Recent studies have yielded great advancements in our understanding of MLV integration.59 BET proteins (Brd2, Brd3 and Brd4) are the cellular-binding partners of MLV IN and preferentially engage open chromatin regions that are enriched for transcription start sites, CpG islands, DNaseI-hypersensitive sites and proto-oncogenes.11, 56, 60, 61, 62, 63 BET family proteins behave as a scaffold on chromatin to recruit E2F proteins, histone deacetylases, histone H4-specific acetyltransferases including GCN5, and chromatin remodeling proteins.64 The BET proteins are characterized by an extraterminal domain and two N-terminal bromodomains that recognize and bind acetylated lysines on histone H3 and H4 tails on chromatin.65 In vitro interaction analysis and co-immunoprecipitation of MLV IN in human cells revealed that different MLV IN domains including the C-terminal domain, the catalytic core domain and the IN C-terminus interacts with the BET family of proteins.66 It has also been shown that purified recombinant Brd4 (1–720) bound with high affinity to MLV IN and stimulated MLV concerted integration in vitro.59 Through the recognition of open chromatin structure, BET proteins have been suggested to contribute to the tethering of the MLV pre-integration complex to the host DNA.11, 67 Furthermore, BET protein knockdown and treatment with the cell-permeable small molecule JQ-1, a BET bromodomain inhibitor, were shown to reduce MLV integration frequencies at transcription start sites.60 These observations suggest that BET proteins navigate the MLV genome and promote efficient MLV integration around transcription start sites associated with an open chromatin structure.56

In addition, BRD4 has a critical role in germinal center response by regulating Bcl-6 and nuclear factor-κB activation.68 The double bromodomain protein Brd2 promotes B-cell expansion and mitogenesis.69 Accordingly, these proteins might broadly contribute to tumorigenesis in cooperation with MLV integration in the development of spontaneous lymphoma.70 Recent advances suggest that integration selection needs to be understood in the context of the epigenetic modification of histones or nucleosomes.
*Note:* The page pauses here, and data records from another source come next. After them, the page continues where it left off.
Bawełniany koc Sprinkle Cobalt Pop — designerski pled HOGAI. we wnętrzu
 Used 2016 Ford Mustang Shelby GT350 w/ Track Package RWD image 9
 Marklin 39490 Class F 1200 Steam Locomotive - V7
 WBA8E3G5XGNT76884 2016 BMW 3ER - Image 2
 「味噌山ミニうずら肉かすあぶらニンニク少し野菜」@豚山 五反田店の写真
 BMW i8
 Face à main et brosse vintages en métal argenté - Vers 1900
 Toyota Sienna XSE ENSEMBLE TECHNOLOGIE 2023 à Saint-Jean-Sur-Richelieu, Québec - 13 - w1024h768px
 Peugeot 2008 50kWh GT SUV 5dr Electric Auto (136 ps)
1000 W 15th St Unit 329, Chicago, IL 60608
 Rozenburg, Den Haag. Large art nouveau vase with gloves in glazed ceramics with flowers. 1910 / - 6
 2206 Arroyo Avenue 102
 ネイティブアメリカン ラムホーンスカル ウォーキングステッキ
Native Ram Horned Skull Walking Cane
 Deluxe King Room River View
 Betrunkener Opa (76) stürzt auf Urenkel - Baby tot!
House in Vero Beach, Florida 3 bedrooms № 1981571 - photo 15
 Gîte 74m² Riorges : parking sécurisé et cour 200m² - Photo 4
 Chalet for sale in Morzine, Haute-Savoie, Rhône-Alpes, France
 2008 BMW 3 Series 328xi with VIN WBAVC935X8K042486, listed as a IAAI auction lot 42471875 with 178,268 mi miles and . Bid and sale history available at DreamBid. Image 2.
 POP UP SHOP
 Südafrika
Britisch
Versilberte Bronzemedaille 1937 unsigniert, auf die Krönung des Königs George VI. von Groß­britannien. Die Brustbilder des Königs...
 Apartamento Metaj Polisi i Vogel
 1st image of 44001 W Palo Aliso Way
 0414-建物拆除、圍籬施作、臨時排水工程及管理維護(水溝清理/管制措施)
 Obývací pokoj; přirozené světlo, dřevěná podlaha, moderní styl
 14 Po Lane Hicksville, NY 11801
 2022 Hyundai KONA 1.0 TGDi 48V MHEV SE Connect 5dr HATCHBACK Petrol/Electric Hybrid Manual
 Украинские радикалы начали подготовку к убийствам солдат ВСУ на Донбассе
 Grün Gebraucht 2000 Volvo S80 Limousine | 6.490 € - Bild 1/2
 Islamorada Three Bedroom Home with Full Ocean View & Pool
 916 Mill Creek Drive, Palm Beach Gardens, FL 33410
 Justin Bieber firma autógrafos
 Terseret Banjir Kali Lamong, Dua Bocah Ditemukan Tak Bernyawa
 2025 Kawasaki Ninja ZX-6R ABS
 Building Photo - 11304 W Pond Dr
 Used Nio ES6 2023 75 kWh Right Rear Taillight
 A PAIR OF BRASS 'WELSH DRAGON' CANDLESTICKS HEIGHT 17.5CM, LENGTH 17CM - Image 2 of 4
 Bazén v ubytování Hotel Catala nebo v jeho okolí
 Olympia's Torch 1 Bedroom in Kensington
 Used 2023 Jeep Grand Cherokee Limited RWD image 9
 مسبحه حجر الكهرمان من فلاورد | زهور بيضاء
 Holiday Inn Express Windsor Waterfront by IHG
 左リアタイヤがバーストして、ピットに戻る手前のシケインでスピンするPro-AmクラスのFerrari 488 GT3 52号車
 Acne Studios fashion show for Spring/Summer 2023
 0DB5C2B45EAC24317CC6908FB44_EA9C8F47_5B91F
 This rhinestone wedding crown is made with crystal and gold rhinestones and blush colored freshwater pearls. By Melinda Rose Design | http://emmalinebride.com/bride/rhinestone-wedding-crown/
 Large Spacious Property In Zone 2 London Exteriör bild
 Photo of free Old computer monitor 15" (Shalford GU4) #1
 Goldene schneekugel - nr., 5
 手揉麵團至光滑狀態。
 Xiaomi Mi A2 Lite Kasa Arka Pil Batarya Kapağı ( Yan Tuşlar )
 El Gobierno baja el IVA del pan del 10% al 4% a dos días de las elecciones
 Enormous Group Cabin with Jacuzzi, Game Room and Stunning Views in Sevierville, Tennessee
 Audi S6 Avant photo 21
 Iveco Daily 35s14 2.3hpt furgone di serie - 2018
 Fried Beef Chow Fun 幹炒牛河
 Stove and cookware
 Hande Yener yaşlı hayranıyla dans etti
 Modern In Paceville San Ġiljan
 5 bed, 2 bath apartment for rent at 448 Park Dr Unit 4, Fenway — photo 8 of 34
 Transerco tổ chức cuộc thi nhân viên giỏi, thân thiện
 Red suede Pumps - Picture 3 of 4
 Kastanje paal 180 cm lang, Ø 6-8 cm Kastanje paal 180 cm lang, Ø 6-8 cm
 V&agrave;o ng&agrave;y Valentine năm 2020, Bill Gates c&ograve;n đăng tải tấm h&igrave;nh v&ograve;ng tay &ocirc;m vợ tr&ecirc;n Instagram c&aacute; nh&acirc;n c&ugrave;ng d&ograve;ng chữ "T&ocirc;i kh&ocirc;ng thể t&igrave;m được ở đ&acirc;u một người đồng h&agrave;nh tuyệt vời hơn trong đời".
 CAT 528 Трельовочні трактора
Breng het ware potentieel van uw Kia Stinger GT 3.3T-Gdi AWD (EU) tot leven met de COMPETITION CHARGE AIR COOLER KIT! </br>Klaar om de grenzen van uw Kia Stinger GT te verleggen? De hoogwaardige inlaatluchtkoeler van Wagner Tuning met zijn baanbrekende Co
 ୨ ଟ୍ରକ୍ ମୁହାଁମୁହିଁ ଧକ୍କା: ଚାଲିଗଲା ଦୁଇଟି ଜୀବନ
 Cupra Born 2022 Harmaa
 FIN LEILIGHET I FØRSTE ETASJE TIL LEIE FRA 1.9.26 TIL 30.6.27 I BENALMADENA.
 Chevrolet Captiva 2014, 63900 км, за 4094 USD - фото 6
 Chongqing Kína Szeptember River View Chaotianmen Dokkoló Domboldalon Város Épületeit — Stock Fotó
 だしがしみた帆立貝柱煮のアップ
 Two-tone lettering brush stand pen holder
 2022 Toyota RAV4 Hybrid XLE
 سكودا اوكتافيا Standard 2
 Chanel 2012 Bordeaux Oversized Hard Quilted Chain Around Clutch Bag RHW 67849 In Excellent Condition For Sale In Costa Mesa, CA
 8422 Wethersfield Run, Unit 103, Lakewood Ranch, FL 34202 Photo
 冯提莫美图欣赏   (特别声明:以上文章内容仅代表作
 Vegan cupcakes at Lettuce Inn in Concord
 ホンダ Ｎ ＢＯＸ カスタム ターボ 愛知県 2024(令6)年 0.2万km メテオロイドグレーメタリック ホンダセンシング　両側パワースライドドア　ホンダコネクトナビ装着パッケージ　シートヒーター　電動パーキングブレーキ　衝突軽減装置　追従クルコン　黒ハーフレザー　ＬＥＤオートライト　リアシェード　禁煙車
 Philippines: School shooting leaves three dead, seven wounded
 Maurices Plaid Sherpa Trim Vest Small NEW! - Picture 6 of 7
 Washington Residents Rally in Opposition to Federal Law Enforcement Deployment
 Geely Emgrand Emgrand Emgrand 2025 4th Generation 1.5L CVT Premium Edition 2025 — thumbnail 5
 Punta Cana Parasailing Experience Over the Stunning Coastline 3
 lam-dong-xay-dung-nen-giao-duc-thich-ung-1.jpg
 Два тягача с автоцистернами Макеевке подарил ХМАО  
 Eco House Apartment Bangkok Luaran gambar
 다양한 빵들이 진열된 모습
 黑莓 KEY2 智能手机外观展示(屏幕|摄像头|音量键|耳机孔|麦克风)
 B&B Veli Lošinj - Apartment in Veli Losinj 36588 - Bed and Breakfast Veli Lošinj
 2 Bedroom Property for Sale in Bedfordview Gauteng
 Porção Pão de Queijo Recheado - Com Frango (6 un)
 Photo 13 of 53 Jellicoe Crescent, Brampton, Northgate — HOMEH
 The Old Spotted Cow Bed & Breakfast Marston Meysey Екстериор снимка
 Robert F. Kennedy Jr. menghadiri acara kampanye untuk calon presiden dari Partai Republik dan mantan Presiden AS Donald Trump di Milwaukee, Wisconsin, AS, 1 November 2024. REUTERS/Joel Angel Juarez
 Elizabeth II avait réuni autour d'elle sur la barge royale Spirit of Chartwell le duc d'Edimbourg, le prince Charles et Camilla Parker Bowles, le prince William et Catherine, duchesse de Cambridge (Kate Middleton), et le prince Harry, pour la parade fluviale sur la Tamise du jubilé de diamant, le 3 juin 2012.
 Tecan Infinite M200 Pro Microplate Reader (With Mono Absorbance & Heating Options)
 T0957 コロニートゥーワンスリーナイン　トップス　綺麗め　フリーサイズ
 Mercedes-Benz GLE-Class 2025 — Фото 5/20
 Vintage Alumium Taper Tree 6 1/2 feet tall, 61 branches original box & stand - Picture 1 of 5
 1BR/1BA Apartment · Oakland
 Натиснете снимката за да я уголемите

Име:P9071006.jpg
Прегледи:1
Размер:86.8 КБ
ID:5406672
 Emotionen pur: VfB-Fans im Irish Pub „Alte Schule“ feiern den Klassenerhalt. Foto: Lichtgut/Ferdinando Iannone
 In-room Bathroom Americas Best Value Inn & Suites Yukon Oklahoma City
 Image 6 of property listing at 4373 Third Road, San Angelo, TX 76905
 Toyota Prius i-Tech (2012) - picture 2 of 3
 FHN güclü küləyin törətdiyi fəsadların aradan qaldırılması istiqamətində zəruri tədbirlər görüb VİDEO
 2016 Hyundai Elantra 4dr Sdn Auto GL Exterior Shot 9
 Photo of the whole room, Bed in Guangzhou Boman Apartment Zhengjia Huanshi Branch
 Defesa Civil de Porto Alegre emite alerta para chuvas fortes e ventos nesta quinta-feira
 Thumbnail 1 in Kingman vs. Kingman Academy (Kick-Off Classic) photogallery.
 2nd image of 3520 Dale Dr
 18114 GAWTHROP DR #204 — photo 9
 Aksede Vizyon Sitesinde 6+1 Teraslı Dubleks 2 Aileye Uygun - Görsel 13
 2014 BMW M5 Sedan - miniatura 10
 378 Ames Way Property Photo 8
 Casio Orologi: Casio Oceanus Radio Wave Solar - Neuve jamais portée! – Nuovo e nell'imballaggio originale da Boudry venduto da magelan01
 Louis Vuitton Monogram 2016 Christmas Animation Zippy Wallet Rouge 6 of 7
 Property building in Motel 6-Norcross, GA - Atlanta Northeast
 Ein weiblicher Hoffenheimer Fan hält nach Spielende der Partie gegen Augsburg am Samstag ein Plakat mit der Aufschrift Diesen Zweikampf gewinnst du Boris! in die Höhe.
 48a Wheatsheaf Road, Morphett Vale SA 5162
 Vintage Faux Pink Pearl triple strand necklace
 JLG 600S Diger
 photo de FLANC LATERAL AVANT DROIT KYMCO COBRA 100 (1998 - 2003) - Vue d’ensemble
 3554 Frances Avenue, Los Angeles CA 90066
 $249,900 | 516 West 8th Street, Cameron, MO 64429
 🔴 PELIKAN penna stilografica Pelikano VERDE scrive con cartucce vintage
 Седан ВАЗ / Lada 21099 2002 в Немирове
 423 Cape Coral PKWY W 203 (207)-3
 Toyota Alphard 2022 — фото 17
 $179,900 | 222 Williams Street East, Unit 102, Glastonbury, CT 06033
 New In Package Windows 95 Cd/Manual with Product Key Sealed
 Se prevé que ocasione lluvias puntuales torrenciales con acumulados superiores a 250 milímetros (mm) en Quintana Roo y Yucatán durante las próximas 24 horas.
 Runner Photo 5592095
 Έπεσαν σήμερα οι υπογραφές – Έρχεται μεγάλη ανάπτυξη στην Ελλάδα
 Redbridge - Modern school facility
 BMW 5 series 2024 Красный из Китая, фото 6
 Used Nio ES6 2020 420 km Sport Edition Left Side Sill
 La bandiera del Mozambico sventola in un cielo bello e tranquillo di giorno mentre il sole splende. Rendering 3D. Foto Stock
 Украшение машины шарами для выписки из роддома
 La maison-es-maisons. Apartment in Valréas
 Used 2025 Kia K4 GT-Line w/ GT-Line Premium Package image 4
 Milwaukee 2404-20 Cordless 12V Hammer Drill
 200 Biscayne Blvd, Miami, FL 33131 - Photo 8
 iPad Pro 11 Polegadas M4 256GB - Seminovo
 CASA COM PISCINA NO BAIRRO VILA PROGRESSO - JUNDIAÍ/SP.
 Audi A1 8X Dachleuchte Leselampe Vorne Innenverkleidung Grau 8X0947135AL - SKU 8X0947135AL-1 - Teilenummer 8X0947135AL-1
Such control mechanisms of transcriptional activity will likely provide novel standpoints of oncogene function and a better understanding of MLV insertional mutagenesis as well.

Conclusion

Detailed analysis of MLV integration between tumors within and between mouse strains indicates that the convergence of integration sites within a narrow oligonucleotide range is not necessarily a rare event, and that the integration mutagenesis process might be unique among tumor mutagenesis mechanisms. Furthermore, specific DNA structural factors may contribute to the integration site selection, facilitating the generation of ‘hotspot’ motifs in tumor genomes.